アヴェロンの野生児

 必要があって『アヴェロンの野生児』を読む。文献はイタール『アヴェロンの野生児』古武弥正訳(東京:福村出版、1975)

 18世紀末にフランスのアヴェロン郡の森で発見されてパリに連れてこられた「野生児」は大センセーションを巻き起こした。いわゆる「アヴェロンの野生児」である。彼は「ヴィクトール」と名づけられ、彼に「教育」をほどこすことはできるのか、できるとしたら何を教えられるのかという問いは、まさに啓蒙主義の「人間の科学」を象徴する問題であった。彼の教育に携わった医師J.M.G. イタール(jean Marc Gaspard Itard, 1774-1838) が書いた報告書「アヴェロンの野生児」は心理学や障害学の古典になっている。
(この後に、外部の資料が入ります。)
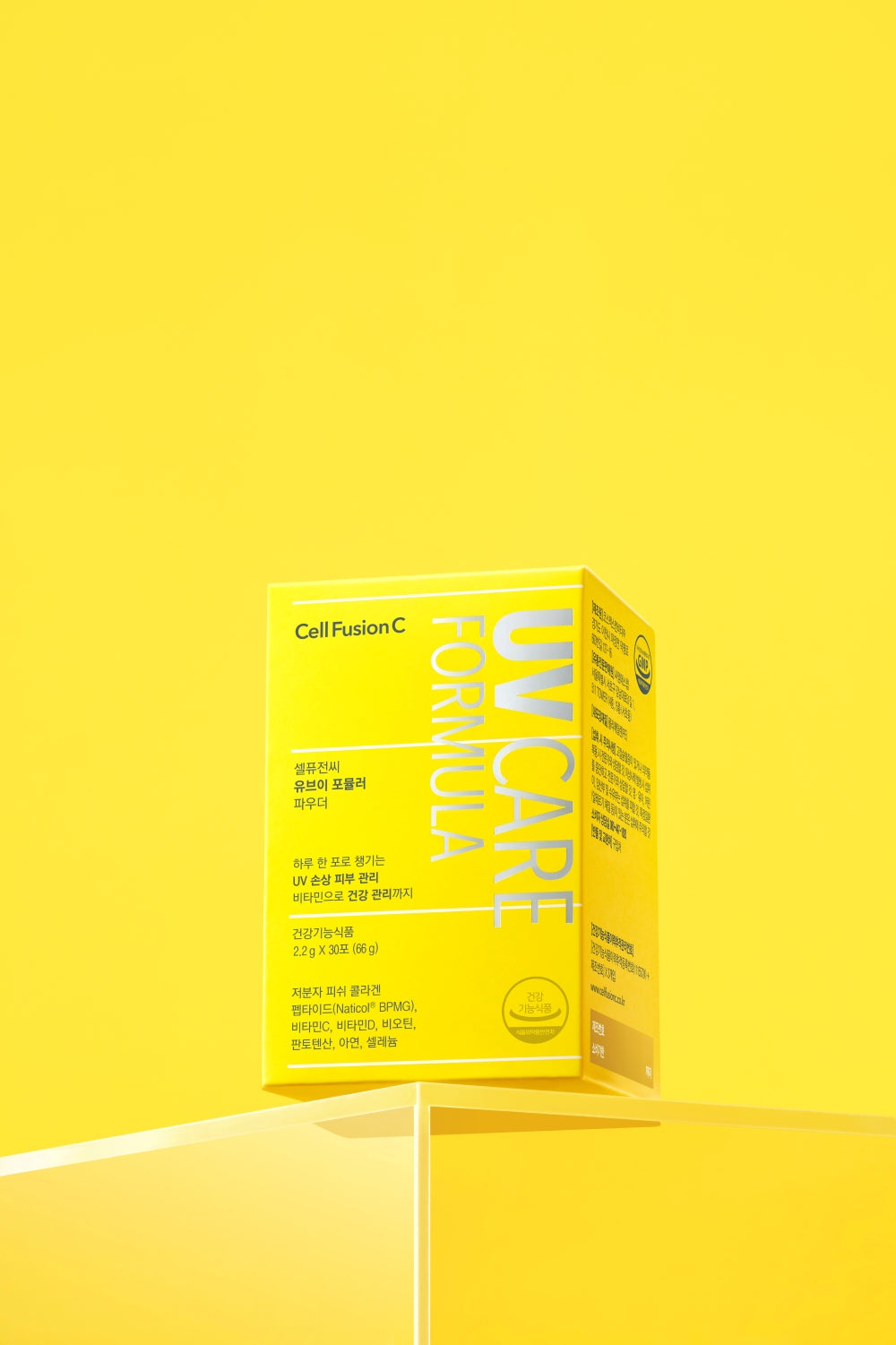 [CellFusionC] УК формуласы ұнтағы 2.2г*30ea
 言語の習得や共感する能力の取得などに較べたら有名ではないが、ヴィクトールの「性」の問題もイタールの報告では重要なポイントだった。彼がパリに連れてこられたのは12歳、じきに「性に目覚める」年齢である。ヴィクトールの感覚、特に触覚が未発達であると考えたイタールは、彼を熱い風呂に入れて皮膚を柔らかくし、乾布摩擦をして腰をくすぐって感覚を鋭敏にしようとしていたときに、彼が「快感を表現するしぐさ」をして、彼の「生殖器に影響が現れた」のを観察する。おそらくペニスが勃起したのであろう。ヴィクトールが「堕落する」ことを恐れたイタールはこの治療を中断するが、ヴィクトールの性の目覚めが彼の精神にどのような影響を与えるかを期待して見守る。文脈から推測すると、ある女性に「愛情」を感じることで、自閉的なヴィクトールの精神世界が変革されることを期待したのだろう。そして、数年後にヴィクトールの身体には第二次性徴が現れ、それにともなって彼の精神にも変化が観察される。ヴィクトールは女性のそばにいることを好み、彼女たちに触れ、自分の頬にキスしてくれることをねだる。彼が女性に親密さを示すときには、彼の脈拍は速く、顔面は痙攣し、鼻血を出すこともあった。しかしヴィクトールにとってこれらの感情は、結局彼を不安にし苦しめただけであった。時として彼がなついていた女教師を引っかいたり噛み付いたりした。鼻血が多い時には次の「苦悶」までの期間が長いことを観察したイタールは、瀉血によってヴィクトールの欲望を鎮めたが、長続きはしない。ヴィクトールの性の苦悶-少なくともイタールはそう考えた-は彼の教育を妨げるようになった。この状態に直面してイタールはヴィクトールにどうやってこの欲望を充足するか、平たく言うと「女を教える」べきかどうか迷う。(ここで自慰を教えようとしたとも考えられなくもないけれども、私はそれはありえないと思うのですが・・・ご存知の方は教えてください。)しかしイタールは、ヴィクトールの性欲の充足を教えると、彼が不品行に導かれることを恐れ、結局ヴィクトールに性欲を充足させる方法は教えないまま、報告書を書き上げた。